Y es allá representante de su pueblo a quien salvó.

Santo amor fue revelado por el hecho de la cruz,

Y Jesús ha demostrado su justicia en plena luz

 

Sí, descansan los creyentes viendo en gloria a su Señor.

Paz y gozo permanentes tienen por su fiel amor.

Y los fuertes eslabones —simpatía y comunión—

Unen ya sus corazones con los que de Cristo son.

Escrito por “R.D.E”.

Señor, creo

¿Cómo moran la humanidad y la deidad en una misma Persona a una misma vez? ¿Cómo puede Cristo ser Dios y todavía hombre de veras? ¿Cómo moran los atributos divinos con aquellos que son propios de los humanos? ¿Cómo es que aprende, siendo Dios omnisciente?

            No sé.

            Es una revelación para la fe; no es tema a ser indagado. Es uno ante el cual está establecido que nos paremos con corazones latiendo en adoración, sin que sea permitido que averigüemos con nuestro microscopio tan inadecuado. No; es revelación: el perfecto Dios es el perfecto Hombre, es el Cristo.

            La personalidad es profunda, honda, en todos nosotros. “Hombre, conócete”, dijo el filósofo antiguo, y no hemos logrado mayor cosa siquiera en este estudio. Si es así en cuanto a nuestra propia personalidad, consideremos el misterio infinitamente mayor: el misterio de Uno que abarca en su propia y sola persona la deidad y la humanidad. ¡Hondo misterio! ¡Dios manifestado en carne!

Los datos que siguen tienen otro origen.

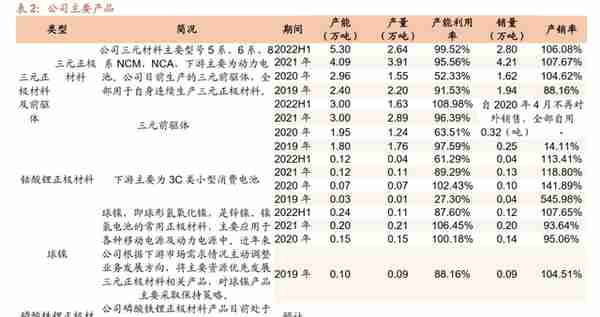 锂科转债：扩产铁锂的三元龙头，预计上市价格在 125~130 元之间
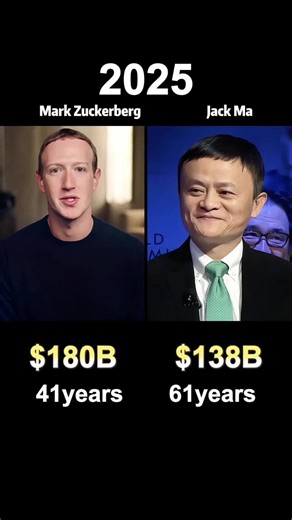 Mark Zuckerberg vs Jack Ma: Net Worth Comparison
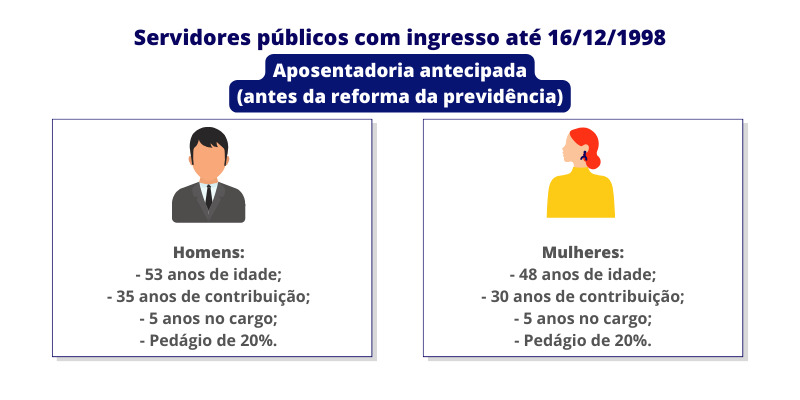 aposentadoria do servidor público estadual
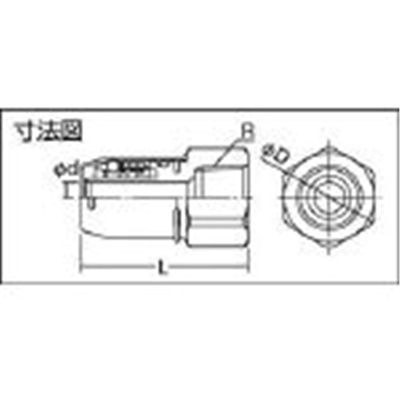 ＴＢＣ　ワンタッチ継手メス　OT20F OT20F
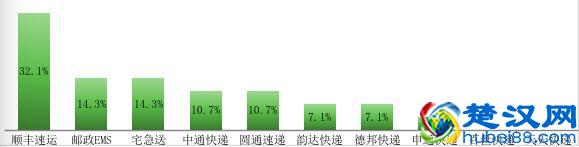 深圳快递品牌大测评！这个品牌价格最贵却最受推荐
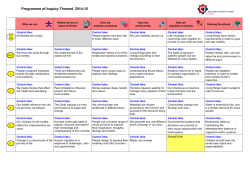 PYP Programme of Inquiry 2014-15 October 11,2014 | 211 KB | pdf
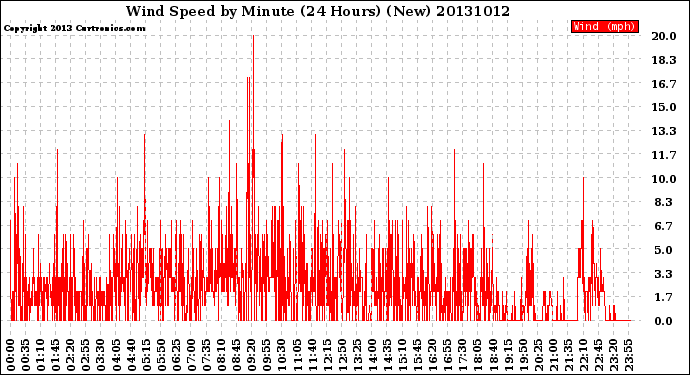 Milwaukee Weather Wind Speed<br>by Minute<br>(24 Hours) (New)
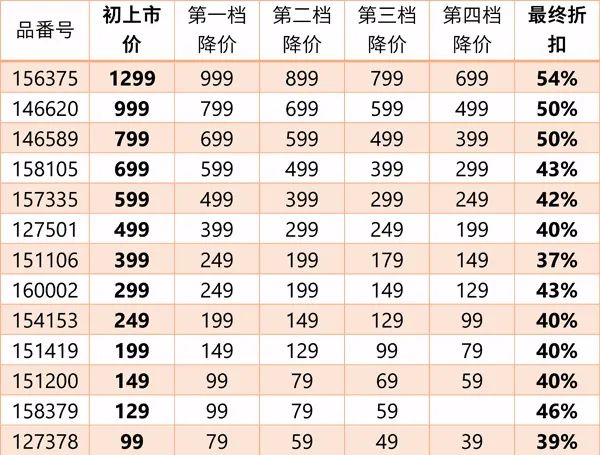 快时尚打折季,快时尚品牌和zara有什么区别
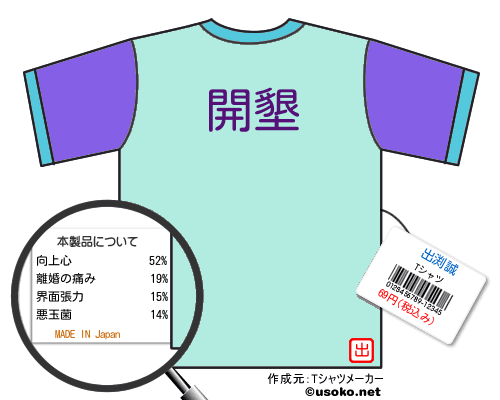 出渕誠のＴシャツメーカー結果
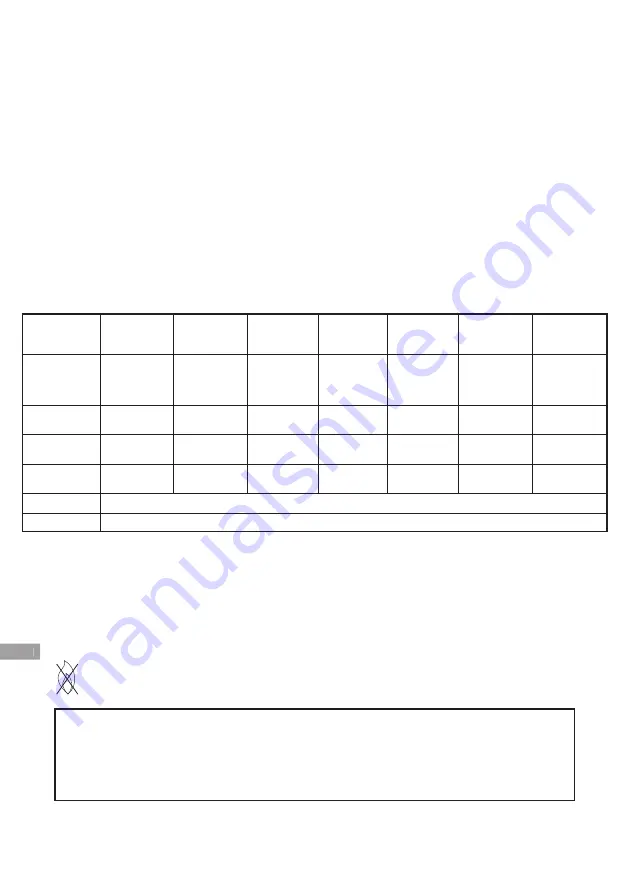 Arjo Pentaflex 120 Instructions For Use Manual Download Page 88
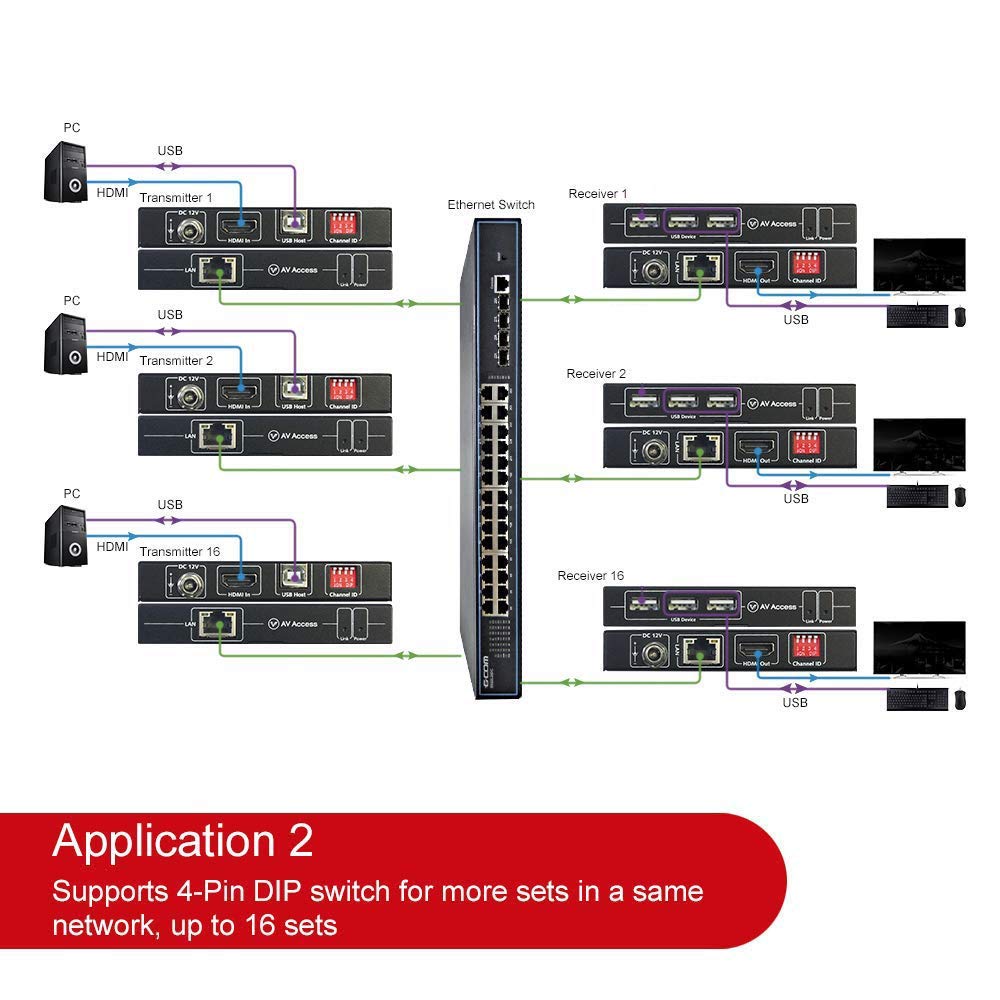 4K HDMI USB KVM Extender over Cat5e/6 up to 120M G89059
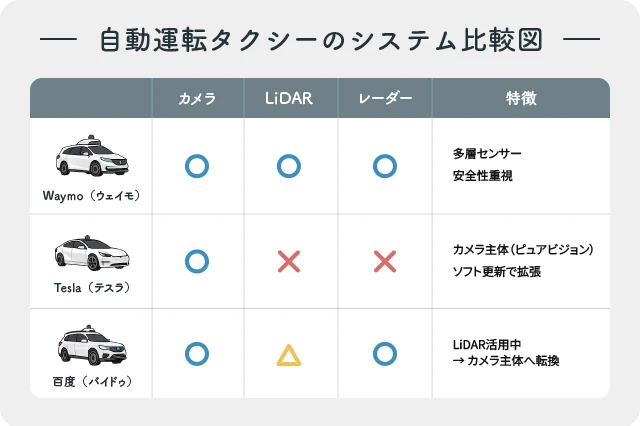 自動運転タクシーのシステム比較図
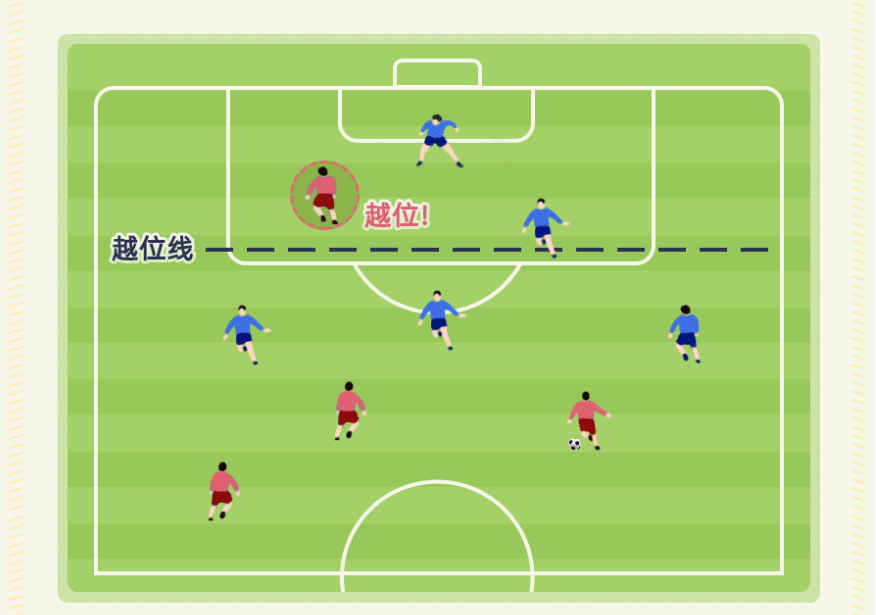 足球越位的定义(足球越位的定义及图示)  第2张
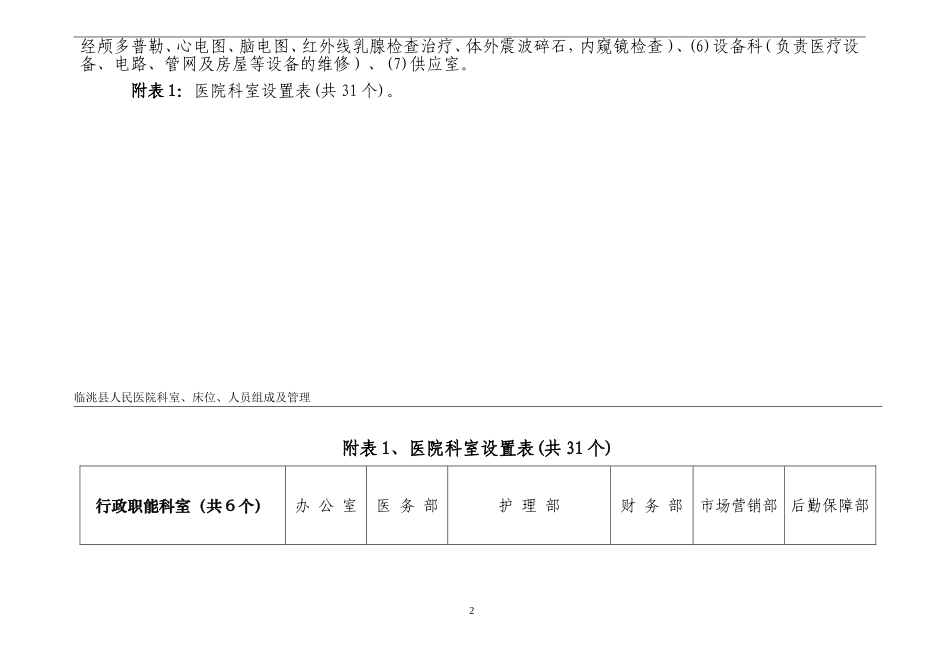 医院各部门及其职责_第2页
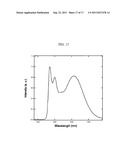 ORGANIC ELECTRIC FIELD LIGHT-EMITTING ELEMENT diagram and image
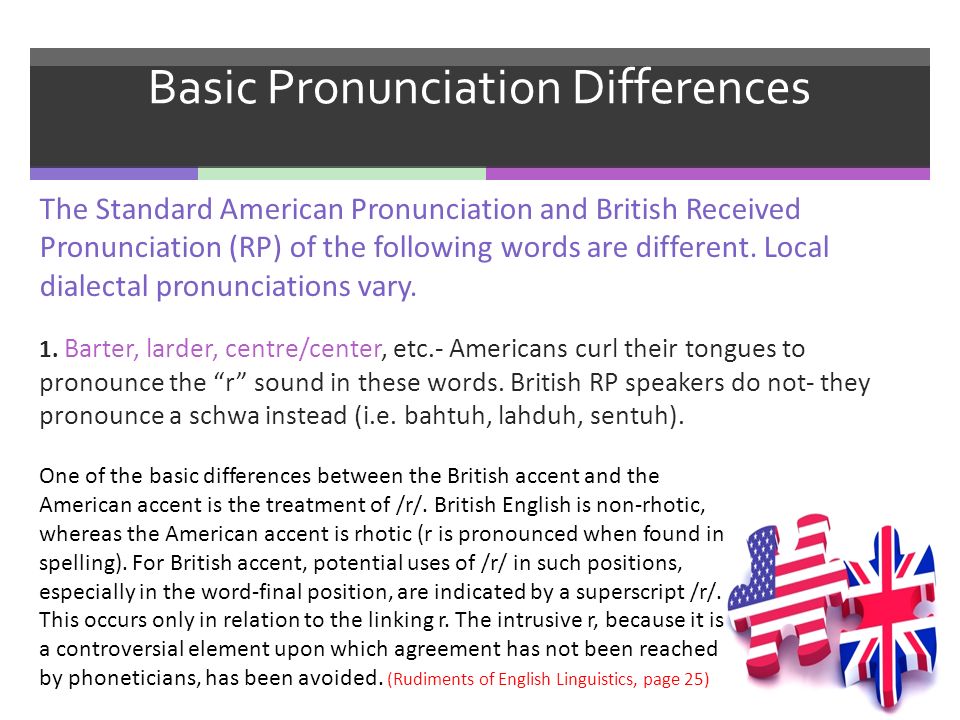 English pronunciation. American English pronunciation. Standard English pronunciation. American-based pronunciation Standards of English. American pronunciation Standard.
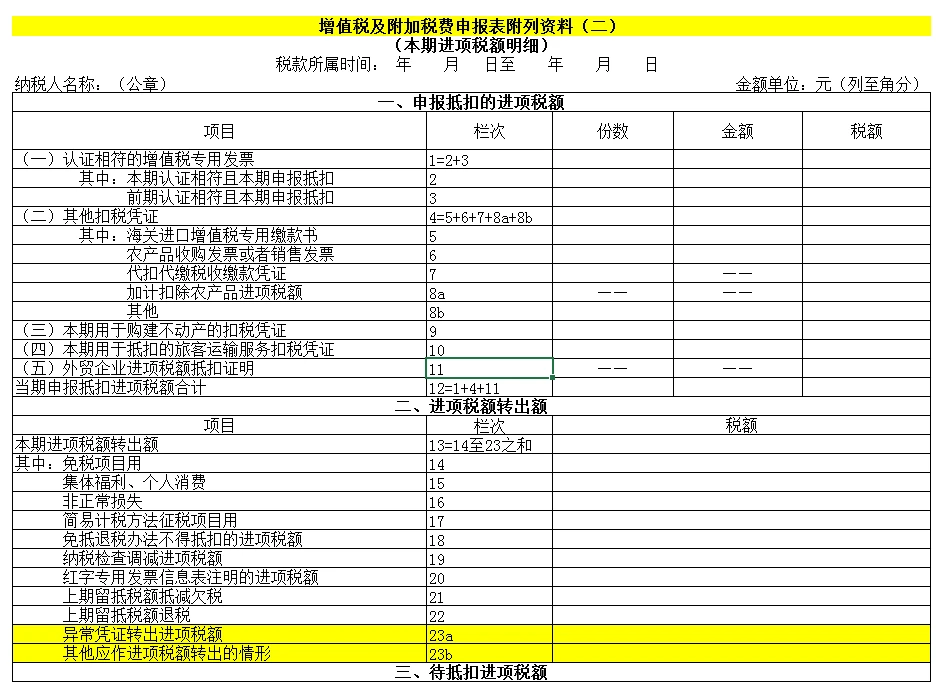 新辦企業(yè)稅務培訓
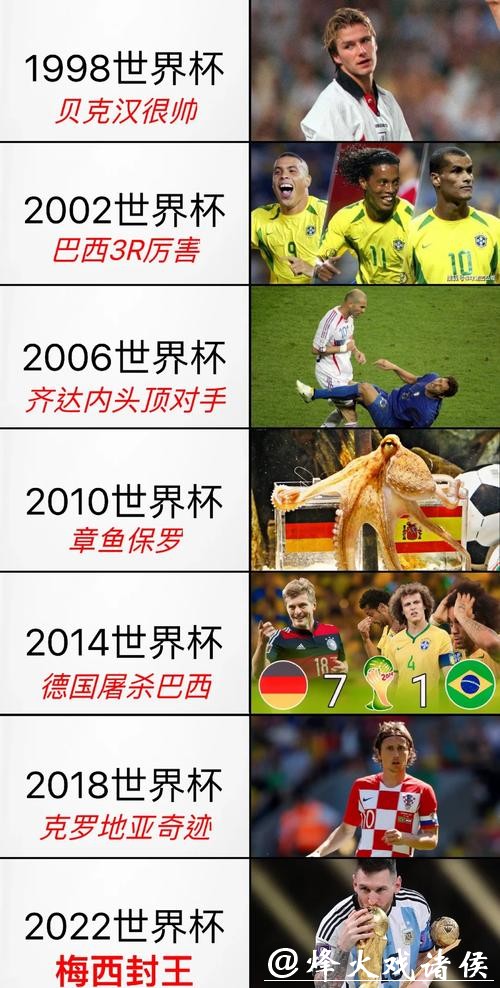 足球世界杯历史与精彩瞬间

            Es un reto a la fe. La Biblia está llena de verdades que no pueden ser reconciliadas por capacidades intelectuales. En nuestro Señor Jesucristo mora deidad; en él mora humanidad a la vez. Cómo pueden morar juntas y en armonía, no comprendemos. Pero baste que la fe se arrodille a sus pies y magnifique la gracia que trajo Aquel al rescatarnos, adorando a la vez nuestra fe la santidad de Dios que le ha dado el puesto de honor y poder a su derecha.

 

Él era coigual con Dios, el centro de la adoración,

Pero, en su incomparable amor, al miserable pecador,

Para buscar y rescatar —dejando su celeste hogar—

Buscóme. ¡Al Señor load!

 

Fue solo Él en su senda aquí, sin simpatía en derredor,

Y sólo el Padre en gloria allí del Hijo supo el amargor.

 Mas no cedió ni vaciló. Y estando yo sumido en mal,

Hallóme. ¡Al Señor load!

 G. M. J. Lear; Argentina

            Que seamos guardados en la viva creencia de estos fundamentos de la fe. Nuestro Señor Jesucristo no es sólo Hijo de David; Él es también Señor de David.